„I understood you’ve been running from the man
That goes by the name of the sandman …“(America / CSN & Y)
Er hat’s mal wieder getan – Brian Eno sagte über sie:“ She is the biggest thing since Patti Smith“. Anna Calvi, von dieser britischen Singsongwriterin ist die Rede, hat für Robert Wilson, dem aufregenden Theatermacher aus Texas, die Songs für sein neues Stück „Der Sandmann“ komponiert. Ich habe es gestern Abend gesehen.
Das Musical begann mit einem ohrenbetäubenden Paukenschlag, der die älteren Gäste im Schauspielhaus zurück ins lebendigere Leben katapultiert haben dürfte. Nathanael, der in seinem anderen Leben Christian Friedel heisst und Leadsänger und Komponist ist, donnerte mit einer voluminösen Jim Morrison Stimme los: „There will be a Horror.“ Einige Zuschauer rutschten tiefer in den Plüsch.
Der Sandmann ist bekanntlich eine Horrorerzählung von E.T.A. Hoffmann. Der kleine Nathanael erfährt, wie so mancher von uns, schlimmste schwarze Pädagogik. „Wenn du jetzt nicht ins Bett gehst, kommt der Sandmann und reisst dir die Augen aus.“ Die Augen sind das Hauptmotiv in dem Musical. Der Augenhändler wirft Nathanael immer mehr in eine Hilflosigkeit, die am Ende zu seiner vollkommenen Wahnsinnigkeit führt.

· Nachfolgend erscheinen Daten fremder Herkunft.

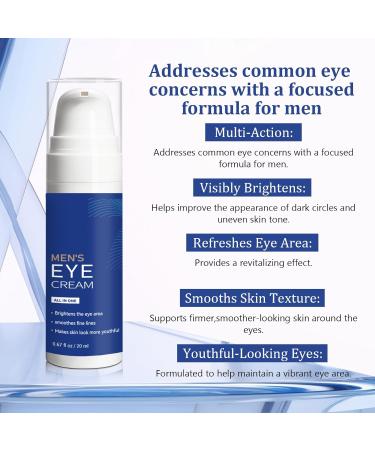 Mens Eye Bags Treatment Cream Instant Eye Serum for Dark Circles Wrinkle Smoothing Serum with Peptide & Collagen Lightweight Moisturizer - 20ml - Buy Online on GoSupps.com
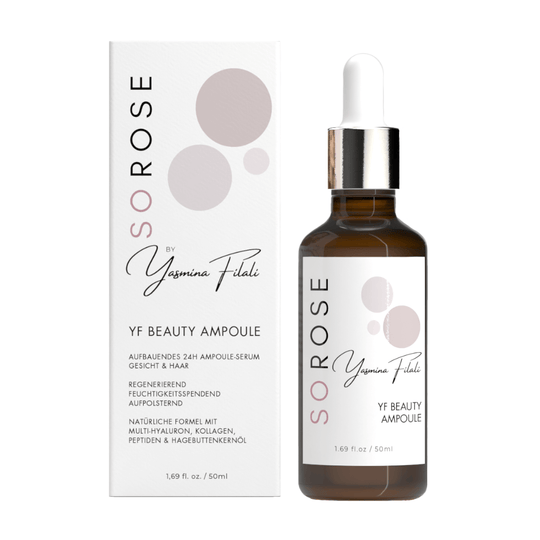 YF BEAUTY AMPOULE <br>Anti-Aging Serumkonzentrat mit Multi-Hyaluron, Peptiden, pflanzlichem Kollagen & Rosa Canina Samenöl (Gesicht & Haar)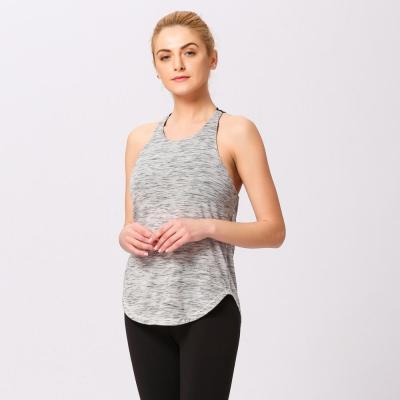 China Antibacterial Women Sports Tops Backless T-shirt Gym Wear Two Piece Yoga T-shirt Fitness Wear for sale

Rührend die Mutterglucke, die ihren Sohn mit dem zu Herzen gehenden Lullaby von Anna Calvi wieder herstellen will:
SUNDAY LIGHT
Boy in amber on the stairs
Sunday light through his hair
Casts a shadow on the wall
Deep and dark
Der kleine Struwwelpeter kommt nicht zur Ruhe, er hört Stimmen, die durch den Einsatz der Musik hervorragend zum Ausdruck kommen:
SURRENDER
We swim under the stars
All the secrets that lie under the dark
Der Sandmann singt dagegen verführerisch:
Sleep on,
You bring the sugar, and
I’ll bring the leather
Robert Wilson verlangt von seinen multitalentierten Schauspielern viel. Alle bewegen sich wie im Puppenspiel, alle werden pretentiös von einer fantastischen Lightshow angestrahlt. Das Bühnenstandbild ist meist entlehnt aus der modernen Kunst: Das graue Wolkenbild von G. Richter, die lineare Form von Mondrian. Einen verübten Mord stellt Wilson lediglich mit einer kleinen blutroten Hand dar oder lässt den blassen Mond schauerlich rot werden. Die Lichtchoreografie ist wirklich eine Wucht. Ebenso der geniale Einfall, die Trennung von Nathanael von seiner Clara mit dem für sich sprechenden Song einzuleiten: I See A Death In Your Eyes. Gänsehaut. Als Nathanael herausfindet, dass seine Angehimmelte lediglich eine aufziehbare Puppe ist, verfällt er vollkommen dem Wahnsinn. Er singt zusammen mit seinem Schwager:
I WHIP THE NIGHT
… I feel alone and in the dark you should have known it
That the lion bites the lion
With your pseudo liberation of a pseudo libido
Ein riesiger Zahnbohrer erscheint als Bühnenbild, man erleidet körperlich die Bohrangst und nur bei klarem Verstand Verbliebene können erahnen, welch Tortur Schizophrene durchmachen, wenn sie von Stimmen bedrängt werden. Sehr eindringlich miterlebt in dem Song: THE HURRICANE, THE HURRICANE, THE HURRICANE, THE HURRICANE.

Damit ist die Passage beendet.